Dataset content:
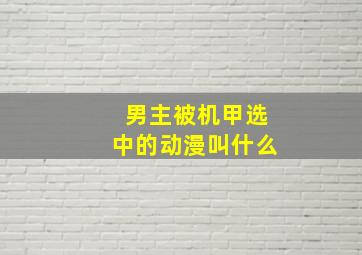 男主被机甲选中的动漫叫什么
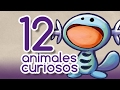 Los 12 animales más curiosos - CuriosaMente 60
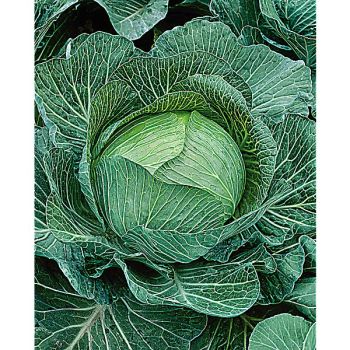 CHOU cabus QUINTAL d’AUVERGNE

About this exercise: Please output the material above unchanged, apart from removing the pictures.

Your response:
 男主被机甲选中的动漫叫什么
 Los 12 animales más curiosos - CuriosaMente 60
 CHOU cabus QUINTAL d’AUVERGNE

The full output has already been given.